After the pub, we all walked back to Thorpe Hall, there to
talk in the sitting room until midnight, whereupon Mark, Garry,
and I went back to our digs, hoping to get some rest in preparation
for Saturday.
***
Saturday...the day of greatest Storyville Joy and the day
of what some dubbed the Great Schism. I woke in a state of
intense restlessness, almost a panic. There were a couple
of reasons for this. The first had to do with the forced march
of almost fifty thousand words of new fiction for an Ambergris
collection, completed the day before I had boarded the plane.
Over ten weeks, there had not been a day that I had not typed
or scrawled words, many times opening a vein in my wrist to
do so. I was still shivering and shimmering with the echoes
of words. My fingertips tingled with the imprint of letters.
Somehow, finishing the material had not satisfied the lust.
I was still writing story fragments in my head, too exhausted
for it to make any sense-literary heat lightning.
The second reason was that even by Friday night I had become
acutely aware that the weekend was already slipping by-that
there were only so many hours left to spend with my fellow
Storyvilleans, many of whom I might not see again for years,
depending on finances and circumstances.
That morning, it seemed tragic that there would be two separate
Storyvilles: one for those who wanted to putter around the
beach looking in tidal pools and flying Phil's kite and one
for those who wanted to hike up to the cliffs and only then,
gluttons for exercise, descend to the beach below. Although
it meant some would experience events and conversations the
others could only guess at, it also meant some small measure
of security: it seemed impossible that both groups could be
snuffed out, given that splitting Storyvilleans into two groups
gave each more speed in reacting to emergency situations...
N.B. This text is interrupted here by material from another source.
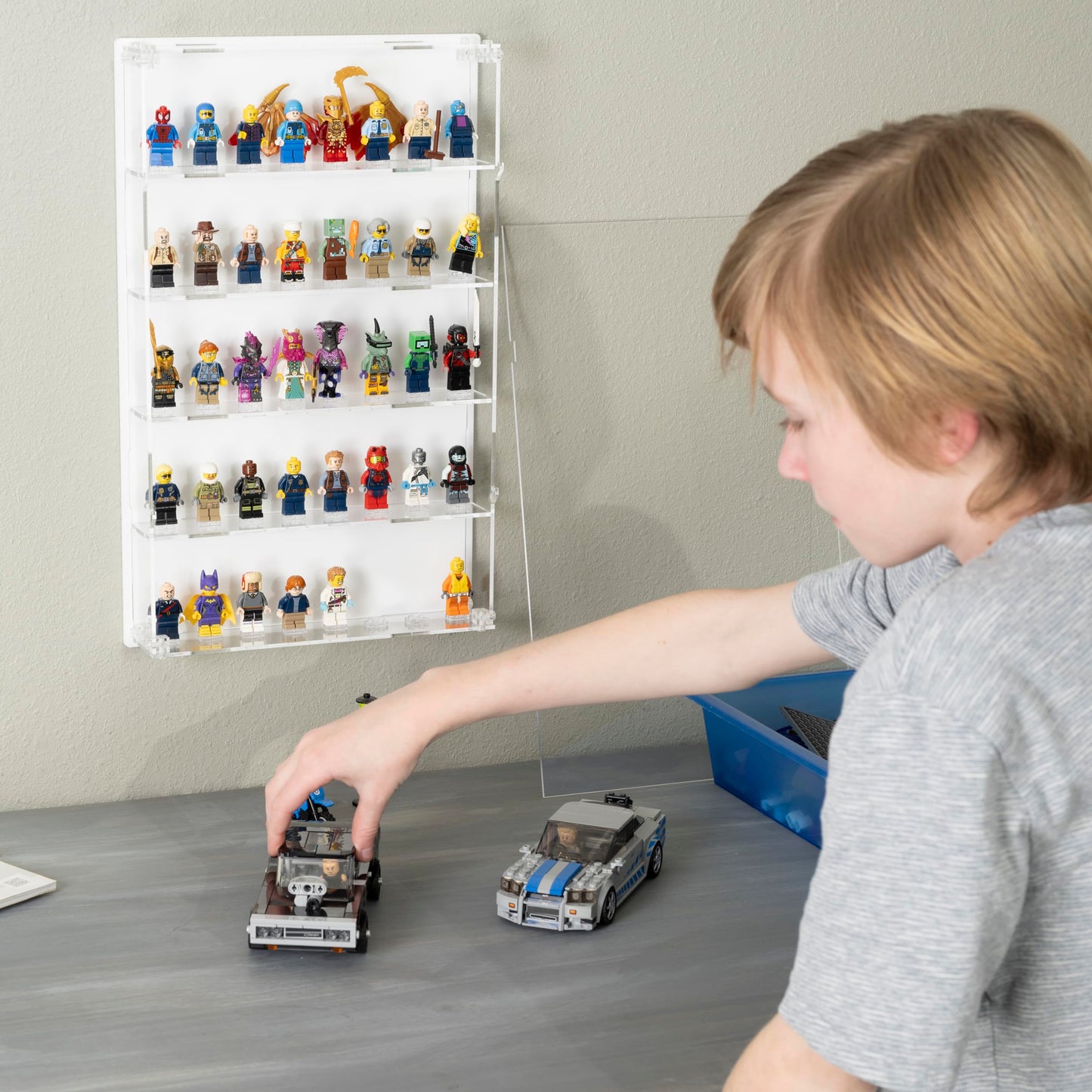 Homelodge Acrylic Minifigure Display Case - Wall Mount Mini Figure Storage Shelves with White Background - Holds 40 Tall Minifigs - Clear Shelf Box for Large Minifigures - Stands & Extra Accessories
I decided on the hike, along with Tamar, Garry, Lawrence,
Mark, Neil, Rosanne, Iain, Keith, Rosanne, Lawrence, and Liz
(did I leave anyone out?). The weather, again, was profoundly
perfect, the sky a reflected bowl of blue above a bay at low
tide, strips of rock and sand stretching out well into the
sea. The ascent to the top of the cliff consisted of a murderous
aerobics once again, the steps muddy and steep. Lawrence and
Tamar led, good naturedly disagreeing on the composition of
the stones beneath our feet and the amount of time it would
take for the foothills beyond the cliffs to become proper
hills. The rest of us followed behind in little gaggles of
groups, tromping over rocks and grass, over farmer's fences
(although Mark and I did have a little trouble with the gates,
of course), through areas where interlocking bushes formed
a tunnel with a door of light at the end. The vegetation had
a depth of green not found in washed-out semi-tropical Florida,
where all plants appear as if they have been in a life-and-death
fight with the sun. The wind off the ocean sustained us. At
one point, Mark posed by a farm gate like some designer-clothes-clad
avant garde farmer, doing a series of absurd accents for our
amusement.
Defeated by the welter of gates and by warning signs posted
by farmers, Lawrence and Tamar eventually brought us back
to the sea, our path lowering to the Boggle, where we lost
Mark, Liz, and Keith to the appeal of the beach. By the time
the rest of us made it back down to the beach, around 11:00
a.m., we were four: Tamar, Lawrence, Iain, and me. I took
advantage of the low tide to walk out as far as I could, staring
down into the tidal pools as I shuffled along: sea anemones,
tiny writhing red worms, limpets, dark green kelp-like seaweed,
oddly-shaped stones. The sky enormous above me, the sea restless
and sly. The cliffs seemed small from that vantage. The town
of Robin's Hood Bay had been reduced to a few patches of brown-red
roofs. I kept walking, driven by nothing in particular except
the need to keep walking. There's something about the natural
world, when you can make a case for being all alone, that
brings up emotions that have nothing to do with words. One
of my purest, most pleasurable memories of growing up in the
Fiji Islands is of walking out on to the reefs for hours at
a time, sometimes a mile from shore. Any time I can come close
to that experience, I am beyond happy.
After awhile, remembering a distressing Storyvillean utterance
about fickle tides and being cut off from shore, I walked
back to where Lawrence, Tamar, and Iain were looking for shells
and fossils. Lawrence had found a fossilized mantle of a creature
that is the ancestor of the squid and was kind enough to offer
it to me. A fossilized squid! I couldn't believe it. On any
other day, that would have been the highlight.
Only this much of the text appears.